Não é sequer necessário reservar as passagens de trem de antemão. As passagens para os trens regionais podem ser compradas nas máquinas logo antes de embarcar. A viagem é cerca de 15min mais rápida nos Freccia, os trens de alta velocidade italianos que saem mais barato se você reservar antes (pelo site da Trenitalia). Sai coisa de €11,50 por trecho no regional (minha recomendação) e o dobro nos Freccia. (Mais detalhes sobre os trens italianos aqui.)
Eu já lhes falei das idas a Alberobello, Locorotondo e Martina Franca — todas elas cidades branquinhas bastante pitorescas aqui da Puglia. Mas a Puglia é uma região diversa, um multiverso próprio, e se você vai mais a sul nela, encontra coisas já bem diferentes.
Aqui em Lecce, o branco dá lugar ao ocre da pedra calcária cor de areia chamada pietra leccese. É o tom de quase tudo.


Cheguei a Lecce numa manhã ensolarada, quente mas não muito.
Ao chegar, havia um pê pê pê de africanos na plataforma da estação, tentando se orientar com os trens aqui da Itália. Eu já estava dando pela falta deles, os migrantes ou refugiados que cruzam o Mar Mediterrâneo em busca de uma vida melhor do lado de cá.
Deixei-os a se resolver, e me dirigi ao centro histórico, que fica a coisa de 800m da estação ferroviária.
O centro histórico de Lecce é um centro barroco, de 1600, com calçadões e vias amplas, então é muito diferente das ruelinhas de Bari ou Locorotondo.

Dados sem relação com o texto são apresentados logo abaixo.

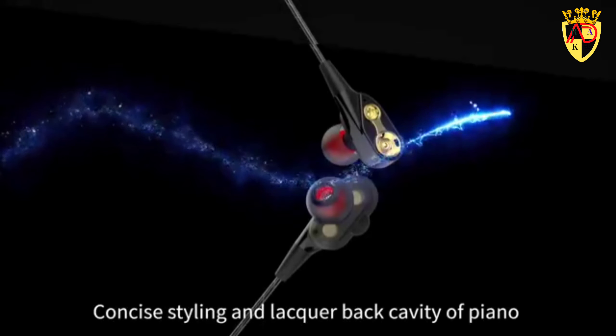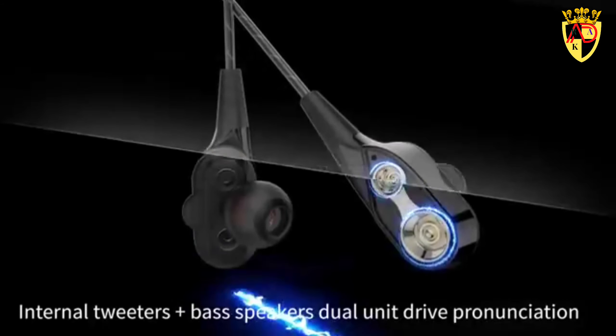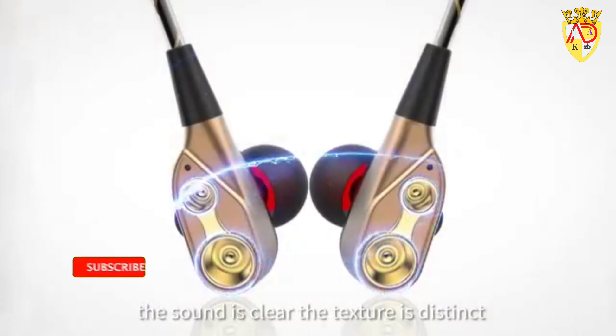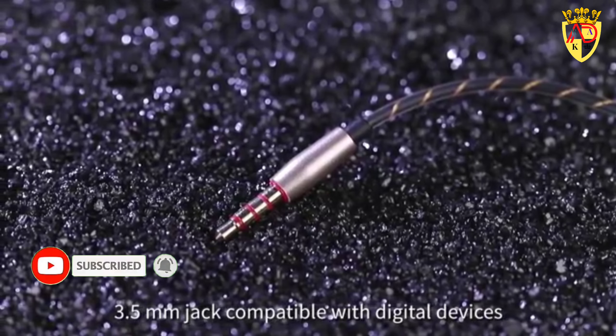Styling and lacquer back cavity in a piano finish bring you the double enjoyment of sight and touch. Internal tweeters plus bass speakers, dual unit drive pronunciation — the sound is clear, the texture is distinct. 3.5 millimeter jack compatible with digital devices such as mobile phones, tablets, and computers.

Sua tônica é a de uma cidade elegante, com as edificações barrocas em tom de ocre que me lembram também o sul da França. O que mais chama a atenção são as fachadas requintadas, decoradas com janelas e arcos neoclássicos.






Caminhos pelo ocre
Chegando ao centro histórico de Lecce, deparei-me com meandros cor de areia. As vias estreitas eram quietas entre as casas ocre, que não me indicavam se alguém morava ali. Pareciam aquele tipo de coisa em que há comércio no térreo e moradas (vazias?) nos andares de cima.
Aqui e ali, um bar ou alguma coisa, as breves varandinhas dos andares superiores colecionando alguma ferrugem na grade de proteção, já outras visivelmente melhor conservadas.

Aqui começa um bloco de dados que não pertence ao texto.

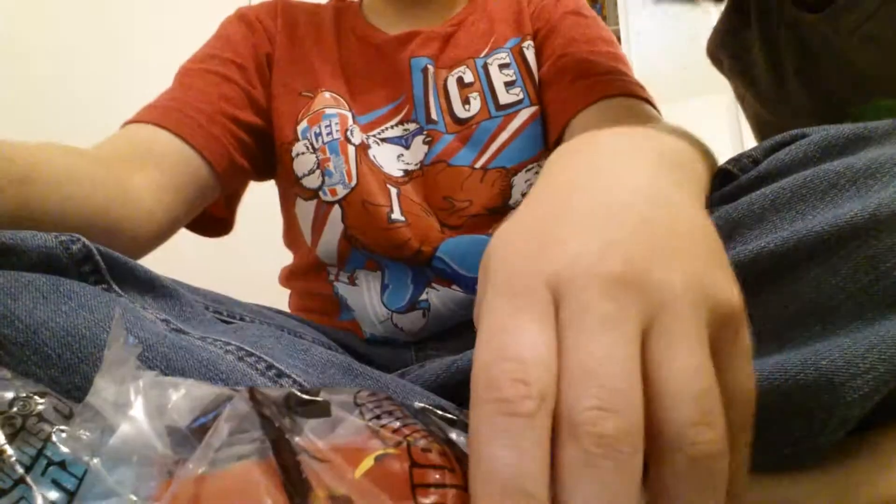Alright guys, guess what? We just started on the floor. Alright, let's get him opened up and take a closer look.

…até que você desemboca no anfiteatro romano cujas ruínas seguem no coração da cidade, obra do século II a.C. São coisas do tempo do imperador Adriano, que governou o império romano entre 117 e 138 d.C. Nessa ocasião foi que Lecce foi transferida de um outro sítio próximo para cá.
O anfiteatro foi descoberto no início do século XX, quando fizeram aqui escavações para construir o Banco d’Itália.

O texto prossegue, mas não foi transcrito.